▶ [WORK ITEM]
An exact, picture-free copy of the listing is required.

▶ [PROVIDED MATERIAL]
══════
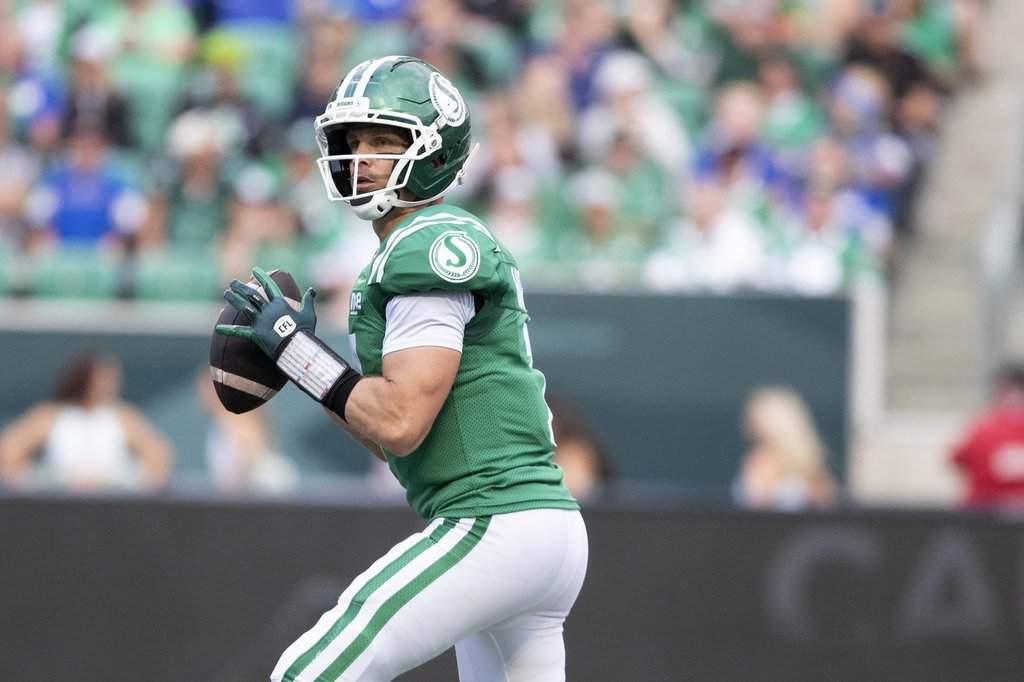 Saskatchewan Roughriders quarterback Trevor Harris looks to make a pass during first-half CFL action against the Winnipeg Blue Bombers in Regina on Sept. 6, 2026. THE CANADIAN PRESS/Kayle Neis.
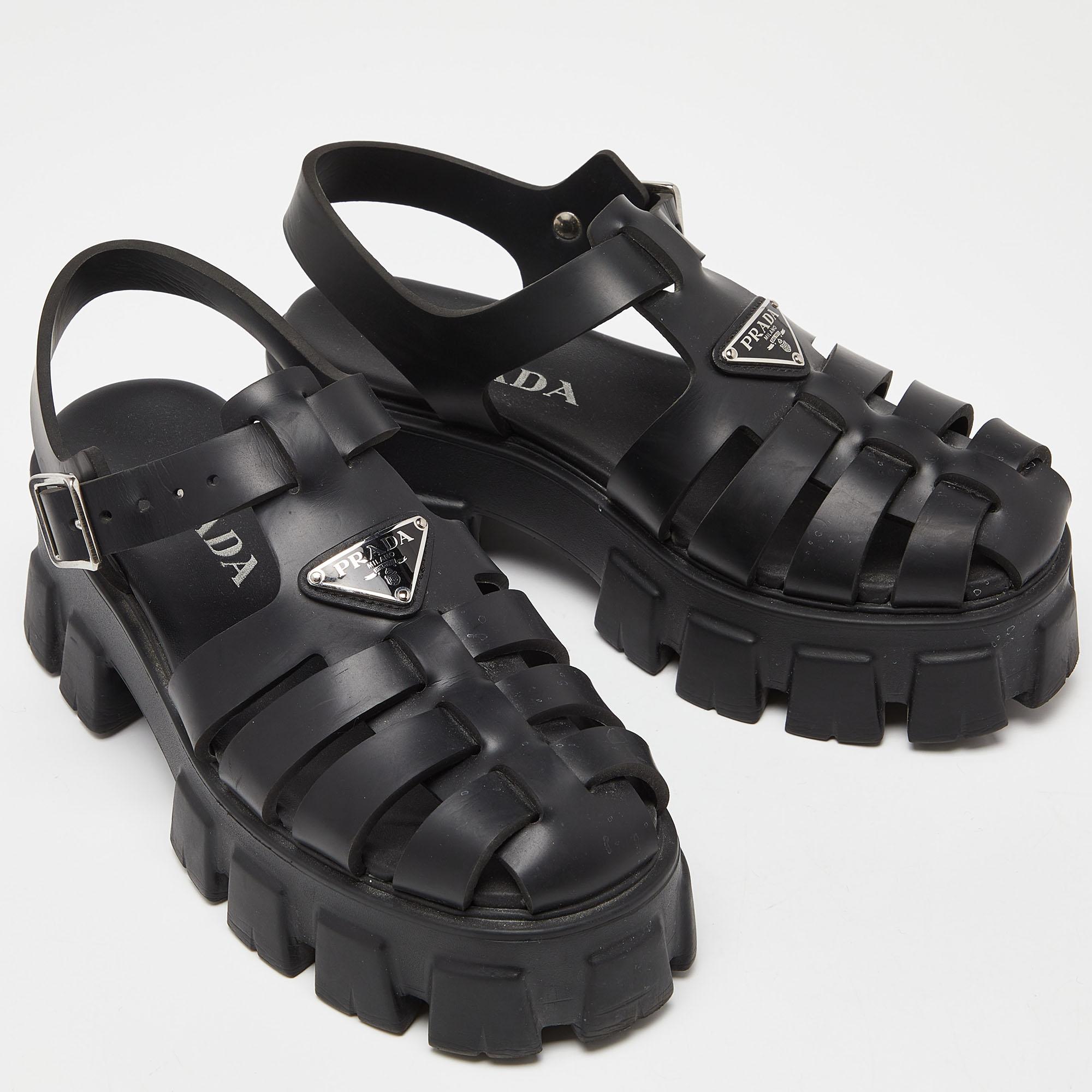 Prada Black Rubber Monolith Sandals Size 38 1
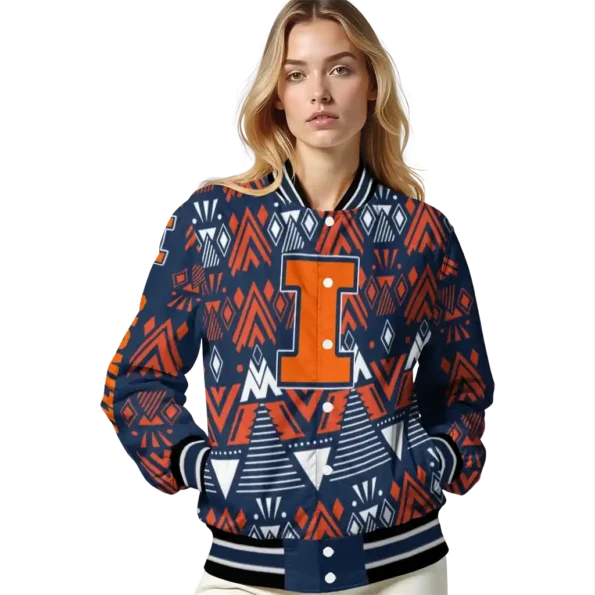 custom illinois fighting illini pyramid shapes blue varsity jacket latest model.webp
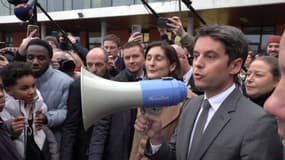 Le Premier ministre Gabriel Attal au collège Saint-Exupéry d'Andrésy, dans les Yvelines, le 12 janvier 2024.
══════
▶ [EXERCISE RESPONSE]
 Saskatchewan Roughriders quarterback Trevor Harris looks to make a pass during first-half CFL action against the Winnipeg Blue Bombers in Regina on Sept. 6, 2026. THE CANADIAN PRESS/Kayle Neis.
 Prada Black Rubber Monolith Sandals Size 38 1
 custom illinois fighting illini pyramid shapes blue varsity jacket latest model.webp
 Le Premier ministre Gabriel Attal au collège Saint-Exupéry d'Andrésy, dans les Yvelines, le 12 janvier 2024.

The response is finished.